● **WORK TO BE COMPLETED**
From the line containing "Etaples Military Cemetery" through the last line of the records below, output every line exactly, both ends included, except the pictures.

[Start of section]

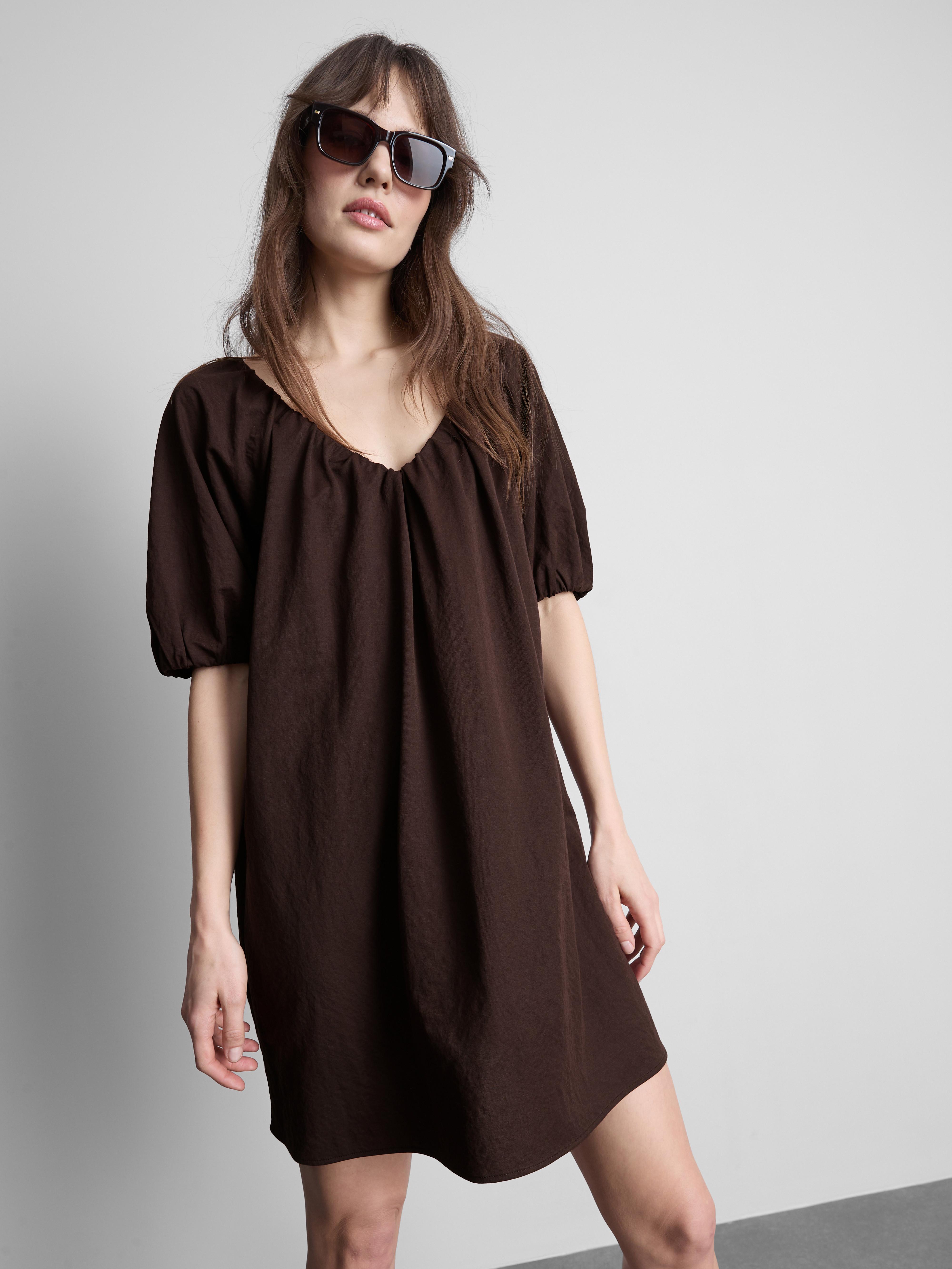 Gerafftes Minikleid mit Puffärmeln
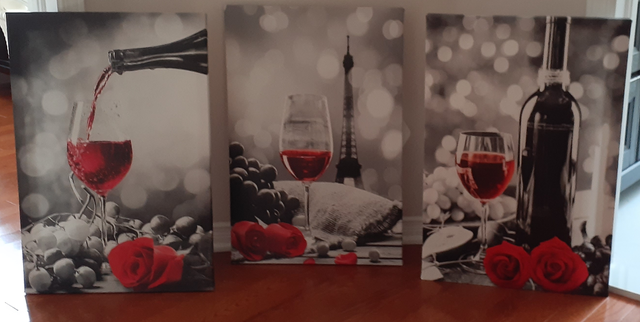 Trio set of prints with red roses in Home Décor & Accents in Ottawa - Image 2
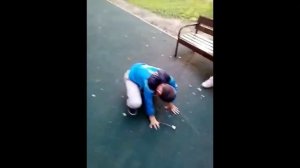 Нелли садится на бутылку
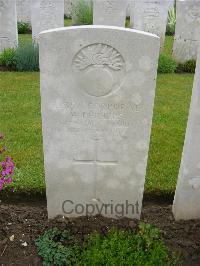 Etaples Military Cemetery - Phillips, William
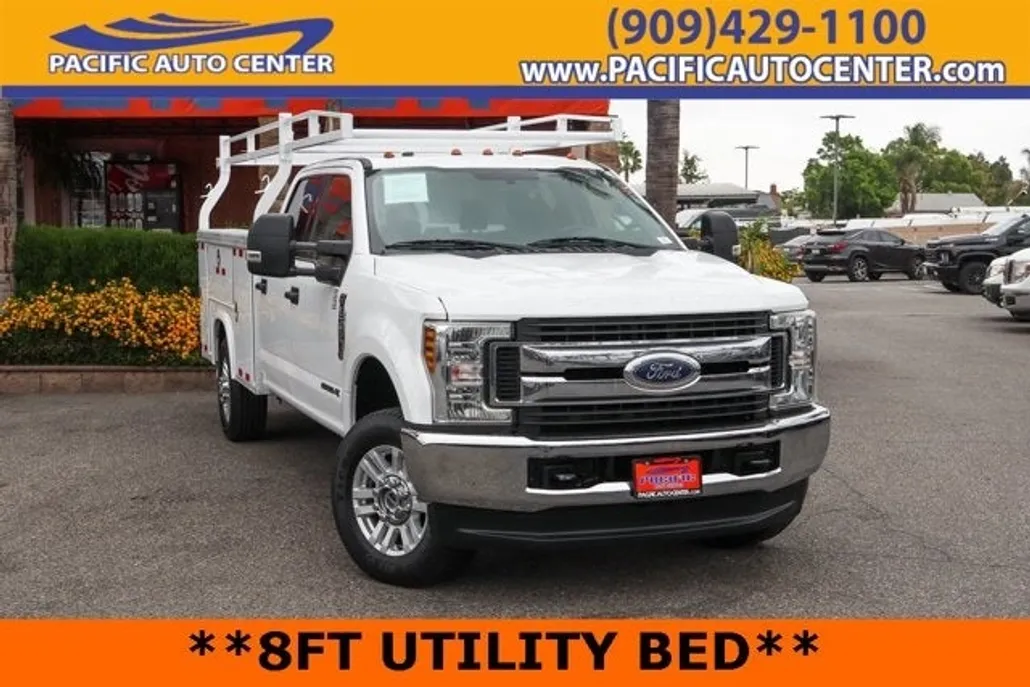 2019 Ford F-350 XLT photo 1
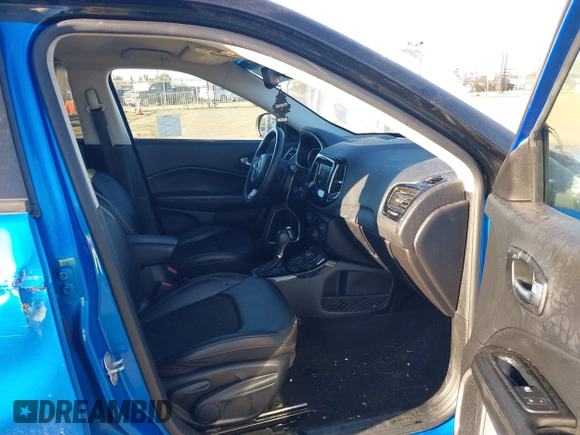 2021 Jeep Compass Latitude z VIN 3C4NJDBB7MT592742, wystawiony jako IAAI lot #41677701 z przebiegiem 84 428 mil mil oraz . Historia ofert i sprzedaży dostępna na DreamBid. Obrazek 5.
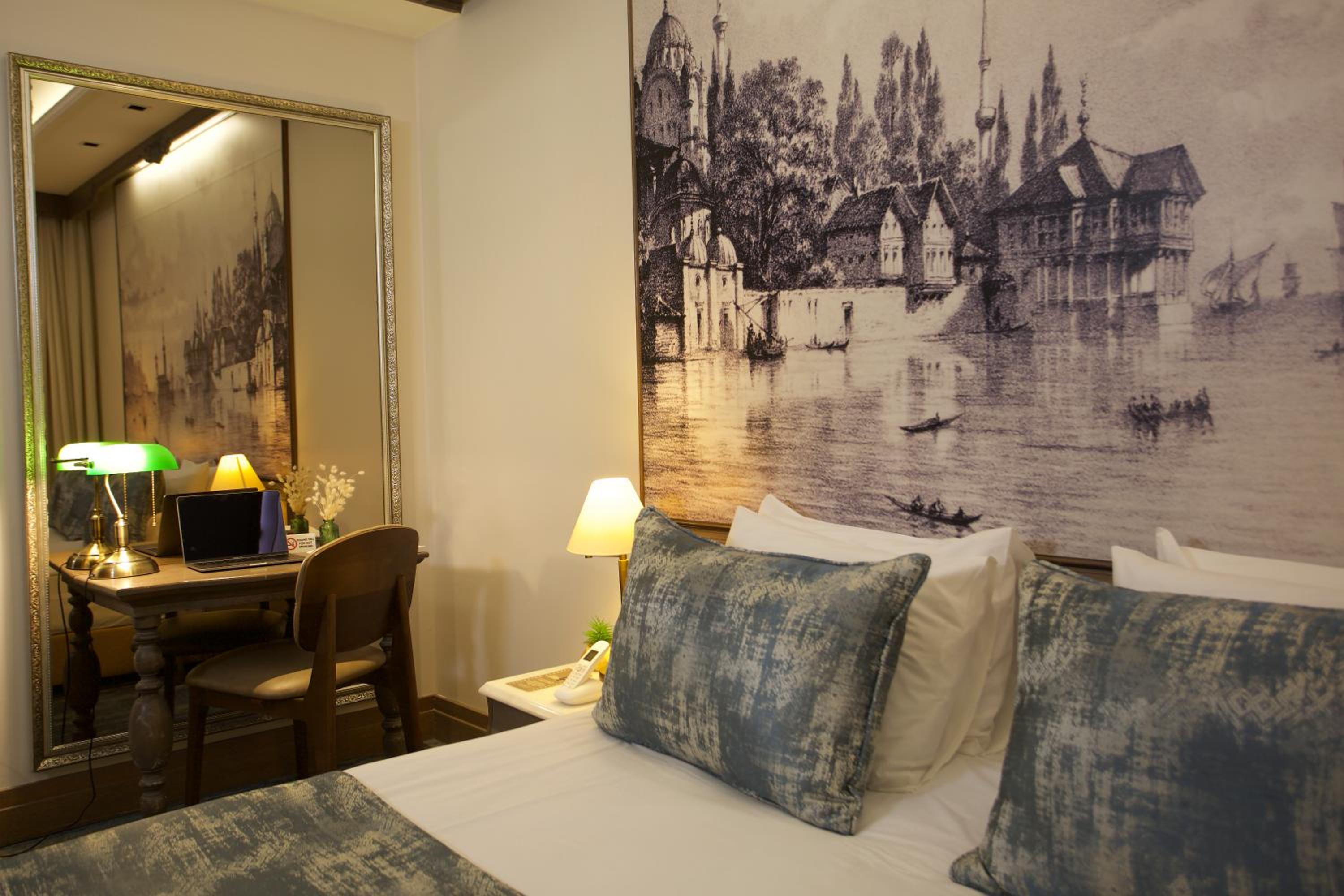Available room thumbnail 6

[End of section]

● **ANSWER TO THIS EXERCISE**
 Etaples Military Cemetery - Phillips, William
 2019 Ford F-350 XLT photo 1
 2021 Jeep Compass Latitude z VIN 3C4NJDBB7MT592742, wystawiony jako IAAI lot #41677701 z przebiegiem 84 428 mil mil oraz . Historia ofert i sprzedaży dostępna na DreamBid. Obrazek 5.
Available room thumbnail 6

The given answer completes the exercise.